Early impressions of WasmCloud
First impressions of technologies are quite important for driving adoption, so I’ve started writing down my early impressions as I explore different technologies.
WasmCloud is an application platform built on WASM (like erlang’s BEAM, but you deploy WASM to it rather than erlang).
(Originally posted on the red-badger tech site)
Documentation
You start at wasmcloud.dev (“Docs Home”), and can follow a getting started guide from there, but there is also a “Home” link in the top bar that takes you to wasmcloud.com, which links out to a bunch of commercial courses. I haven’t looked into the courses, but the fact that they exist feels reassuring.
The rest of the documentation is not particularly polished. There are broken links in a few places, and a handful of typos, including:
$ ctl link MCUDTMOOZCVAM5EBNN4U3X2OGHNIY3BKPEW66HY4RTCYYVWXOE7ESVDQ VAG3QITQQ2ODAOWB5TTQSDJ53XK3SHBEIFNK4A YJ5RKAX2UNSCAPHA5M wasmcloud:httpserver PORT=8080
in https://github.com/wasmcloud/examples/tree/main/echo (probably caused by copy-pasta out of the wash shell tui)- Both Architecture sections are missing (https://wasmcloud.dev/reference/host-runtime/architecture/ and https://wasmcloud.dev/reference/lattice/architecture/). This feels like a job for excalidraw.

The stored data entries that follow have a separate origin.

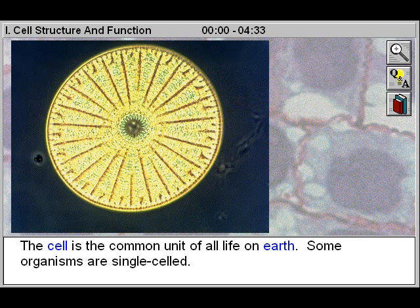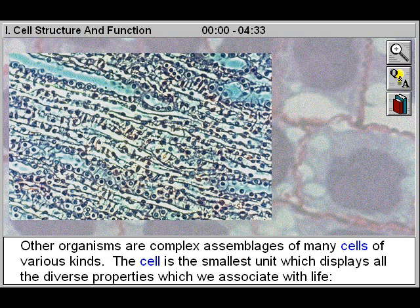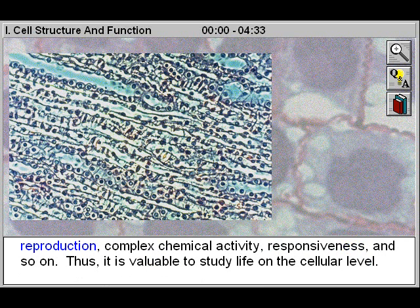Some organisms are single-celled. Other organisms are complex assemblages of many cells of various kinds. The cell is the smallest unit which displays all the diverse properties which we associate with life: reproduction, complex chemical activity, responsiveness, and so on. Thus it is valuable to study life on the cellular level.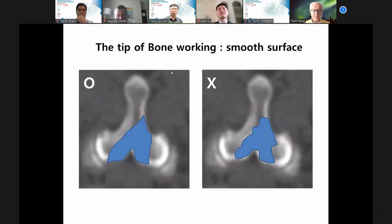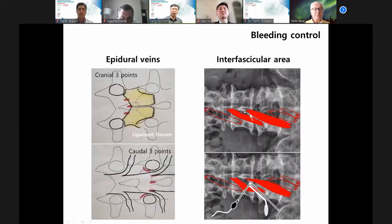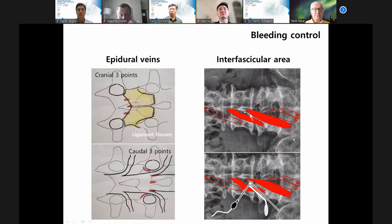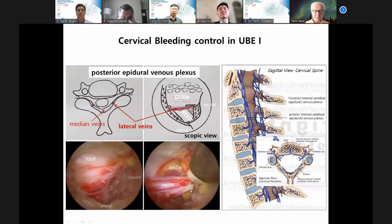For epidural veins: cranially upper border, three points — midline, half-two, caudal — five points: shoulder, axilla, midline. These five points are interfascial. In cervical bleeding control in UBE, there are two groups: anterior and posterior venous plexus cells. Posterior epidural venous plexus is important — midline veins and lateral veins. Especially lateral veins can cause massive bleeding. I always control lateral veins with an RF device.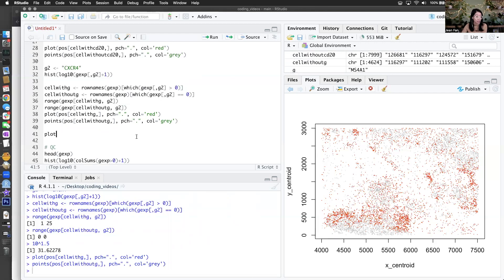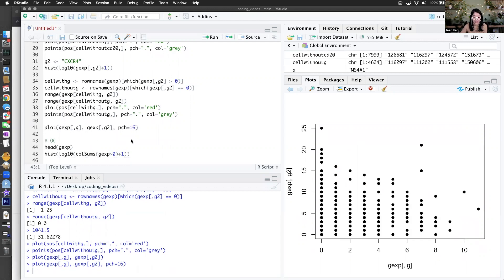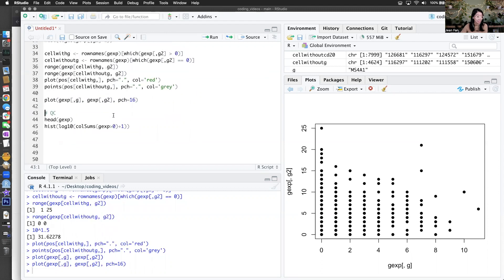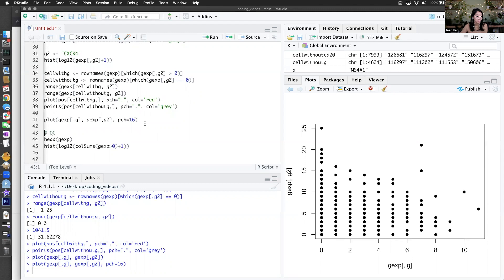Then if I plot the gene expression of MS4A1 versus the new gene CXCR4 — is there a population that has both? I'm going to make them circles. There are some cells that only express CXCR4, so they have 0 of MS4A1. And then there are other cells that express 0 of CXCR4. And other cells that are positive in both. So we can do this type of exploration and find our double positive cells.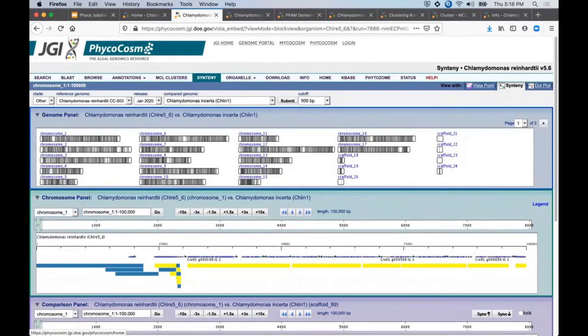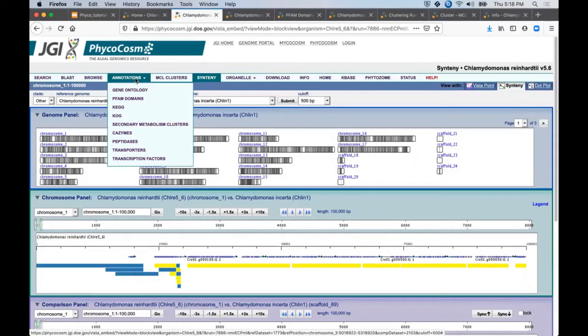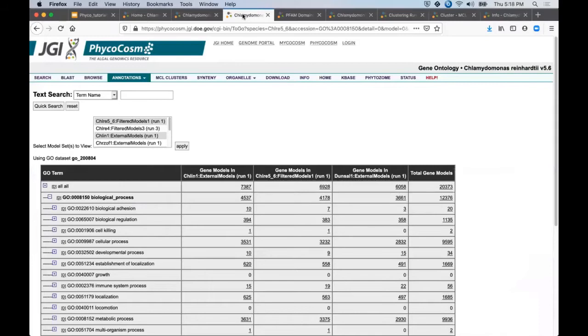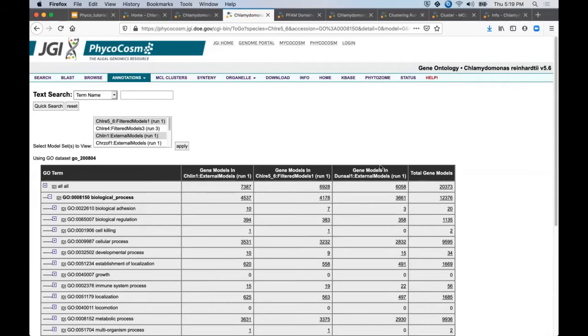Next, I direct your attention to the annotations tab in the toolbar showing different collections of functional annotations pre-computed for every genome on Phycocosm. For example, the gene ontology or GO assignments are presented in this table. Some annotation views like this one allow you to select from a list of related genomes to control the contents of the data table below.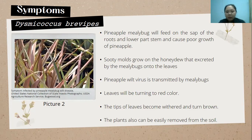Pineapple infected by the pineapple wilt virus will show symptoms where leaves turn red, the tips of the leaves become wilted and turn brown, and the plants can be easily removed from the soil because the roots have already died. Picture two shows the symptoms of pineapple infected by the pineapple mealybug with wilt disease.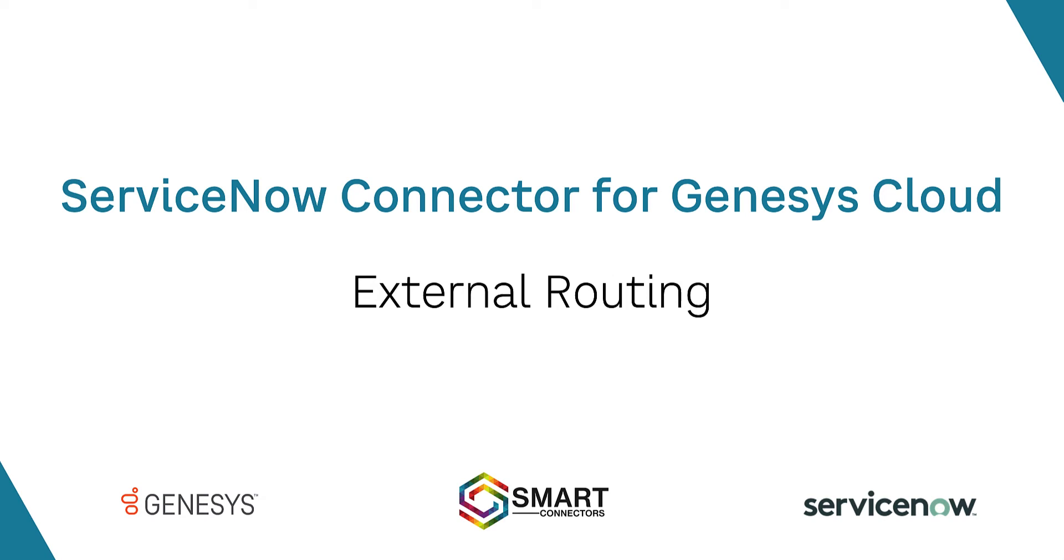Hi everyone! This video will show you a great functionality of our ServiceNow connector for Genesys Cloud, called External Routing.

- s/on-premise/on-premises/ - https://wasmcloud.dev/reference/lattice/leaf-nodes/
- https://crates.io/crates/wash-cli “control-interface” links to https://github.com/wasmcloud/wasmcloud/tree/main/crates/control-interface, which is a broken link.
- Get some CI to check that they don’t have any broken links?
wash
The getting started guide recommends that you have wash set to 250 characters wide. This is a bit ridiculous. It also has a “REPL (Standalone)” thing that flashes in the top-left corner. Why? Can you please just not. (I ended up cloning the repo and patching this out)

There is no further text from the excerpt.